Further, in the related art, the front end of the connecting tube 3 is set at the same position as a position of a folded-back portion 5A of the shield layer 5, or at a position behind the folded-back portion 5A. Consequently, the folded-back portion 5A of the shield layer 5 is exposed. Thus, there are fears that the portion 5A may touch other components and may be damaged, and that when the connecting tube 3 is caulked, the shield layer 5 may be cut by the front edge of the tube 3.
The invention is accomplished in view of the aforementioned circumstances. Accordingly, an object of the invention is to increase a fastening force to connect the shield layer to the shield wall. Further, another object of the invention is to protect the exposed portion of the shield layer.
SUMMARY OF THE INVENTION
To achieve the foregoing objects, according to a first aspect of the invention, there is provided a structure for connecting a terminal of a shielded cable comprising:
a shielded cable having a shield layer exposed at the end of the shielded cable; and
a connecting tube attached to an opening formed in a shield wall,
wherein the connecting tube has a large diameter portion at each end and a small diameter portion; and
the small diameter portion is caulked to be press-fitted to the shielded cable.

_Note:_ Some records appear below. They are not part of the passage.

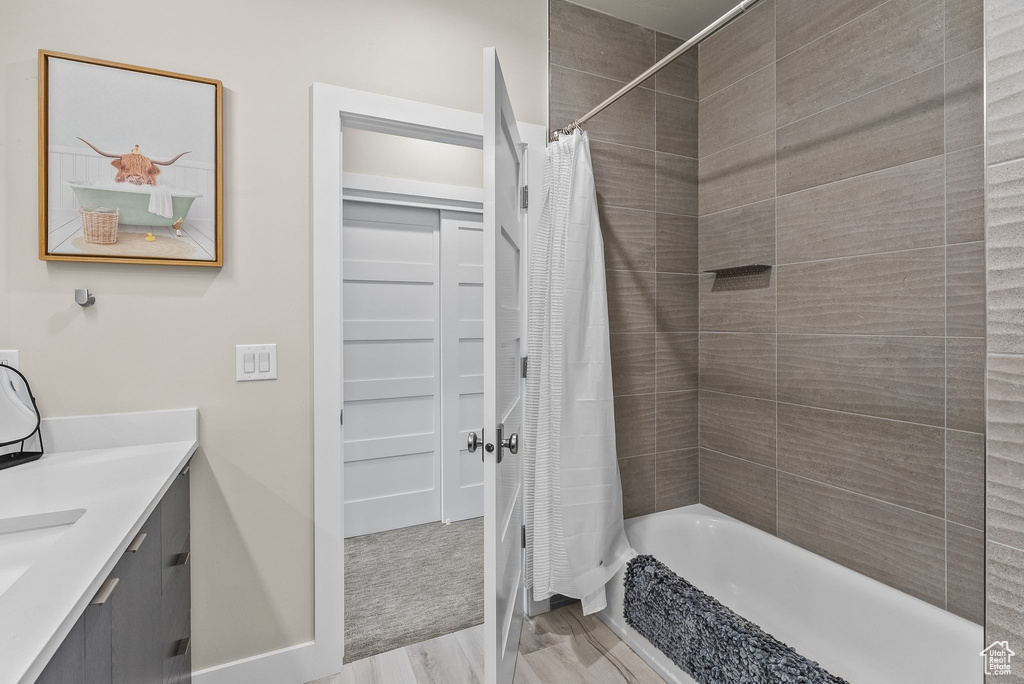 Bathroom featuring shower / bath combo with shower curtain, vanity, and hardwood / wood-style floors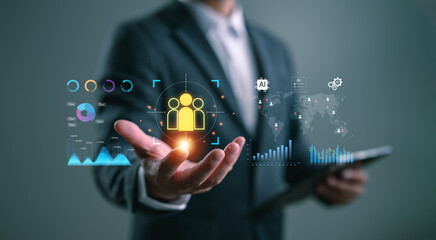 Businessman using AI and data analytics for CRM and customer segmentation. Concept of smart...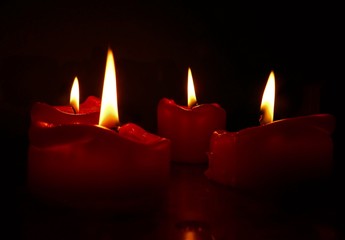Red candles in front of a black background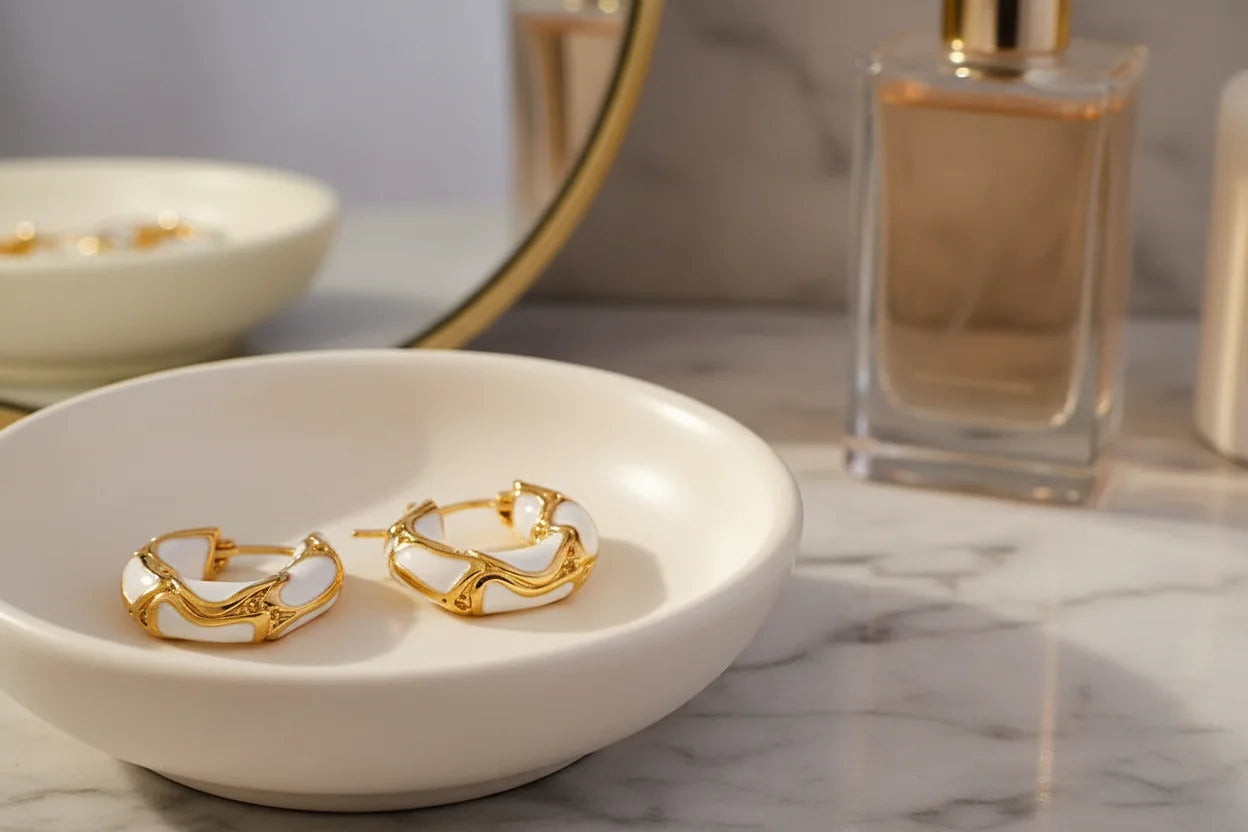 White Huggie Hoop Earrings on white tray with mirror and perfume bottle | OriaJewel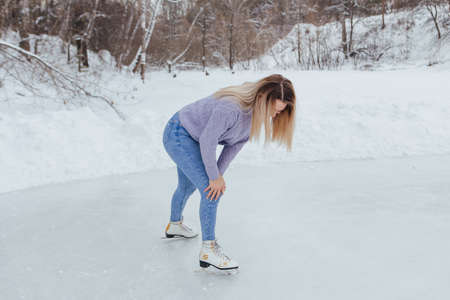 Lovely young woman riding ice skates on the ice rink. Girl skating on ice in a winter frosty day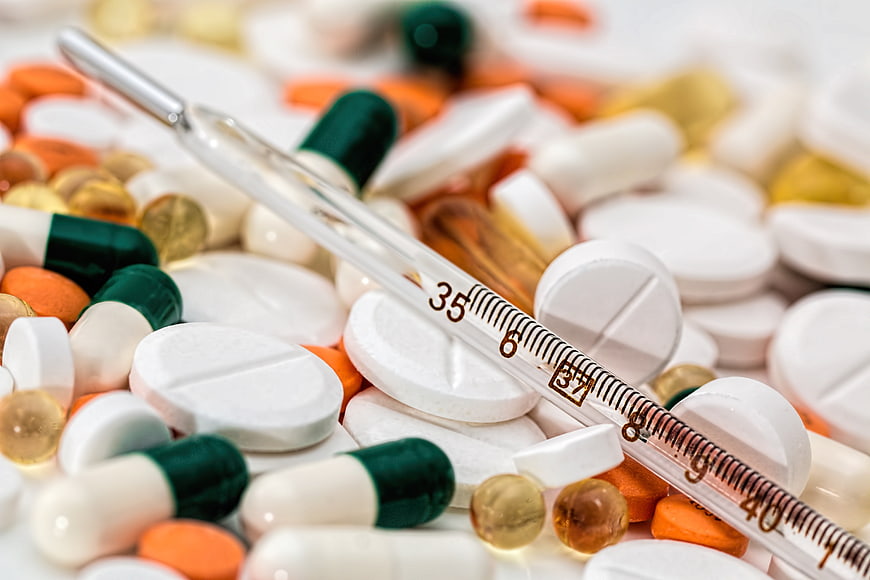 Glass thermometer on pile of assorted pills and capsules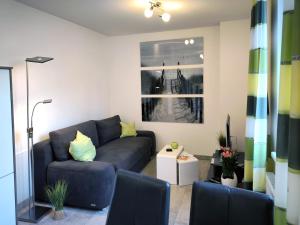 a living room with a blue couch and a window at Haus Meeresblick - Ferienwohnung Am Strand (Ref. 128682u1) in Baabe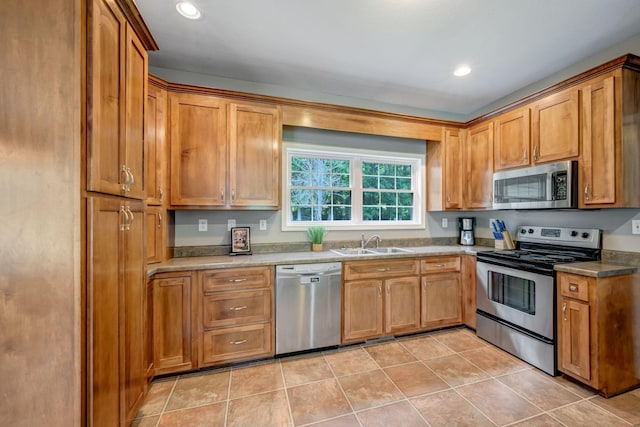 80 Latimer Cemetery Ln, Waverly, TN 37185 - kitchen featuring appliances with stainless steel finishes, a sink, light tile patterned flooring, brown cabinets, and recessed lighting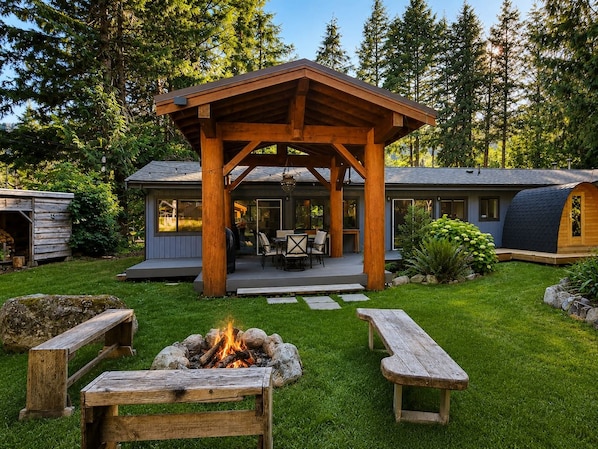A wooden gazebo with a fire pit in the center, surrounded by a well-maintained lawn and picnic tables.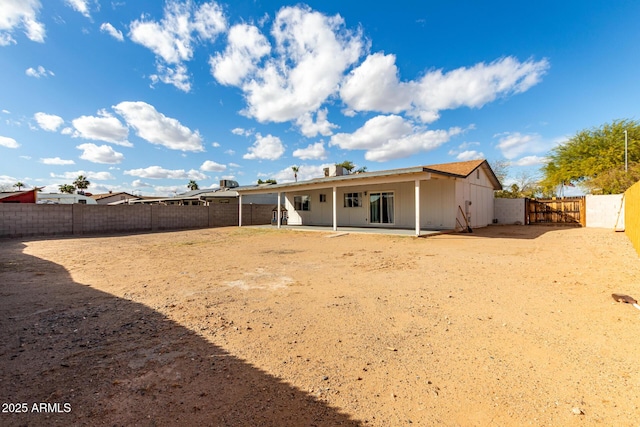 back of property with a patio area, a fenced backyard, and a gate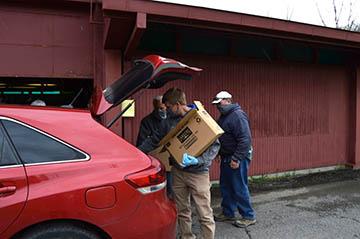 Three men loading food boxes in the back of a red car.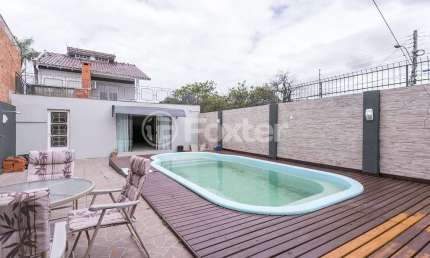Casa com 4 quartos à venda na Rua Gregório da Fonseca, 331, Nonoai, Porto Alegre, 238 m2 por R$ 790.000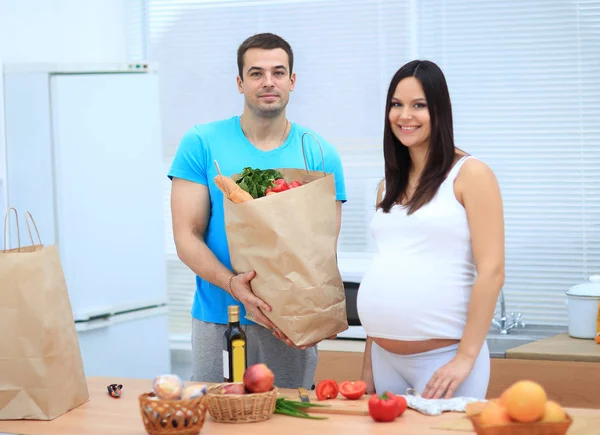 Husband and pregnant wife are considering the products in the package — Stock Photo, Image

According to a second aspect of the invention, there is provided the structure according to the first aspect of the invention, wherein the connecting tube has two intermediate portions, whose diameters taper from a large diameter to a small diameter.
According to a third aspect of the invention, there is provided the structure according to the first or second aspect of the invention, wherein the end of the connecting tube covers the exposed shield layer.
According to a fourth aspect of the invention, there is provided the structure according to any one of the first to third aspects of the invention, wherein one of the large diameter portions is larger in diameter than the other thereof.
According to a fifth aspect of the invention, there is provided the structure according to any one of the first to fourth aspects of the invention, wherein one of the large diameter portions has a guiding tapered portion, which is bent inwardly, at the end of the large diameter portion.
According to a sixth aspect of the invention, there is provided a structure for connecting a terminal of a shielded cable comprising:
a shielded cable having a shield layer exposed at the end of the shielded cable; and
a connecting tube attached to an opening formed in a shield wall,
wherein the end of the connecting tube covers the exposed shielded cable; and
the connecting tube is caulked to be press-fitted to the shielded cable.
According to a seventh aspect of the invention, there is provided the structure according to the sixth aspect of the invention, wherein the end of the connecting tube is bent inwardly to cover with the exposed shielded cable.
According to the first aspect of the invention, the connecting tube is caulked in such a manner as to form the two bellmouths so that the radial dimensions of the bellmouths gradually increase in opposite directions, respectively. Thus, in the case of moving the shielded cable in both the forward and backward directions, the bellmouths serve as an engaging point for holding the shielded cable and thus can restrict the movement of the shielded cable. Consequently, the fastening force can be increased.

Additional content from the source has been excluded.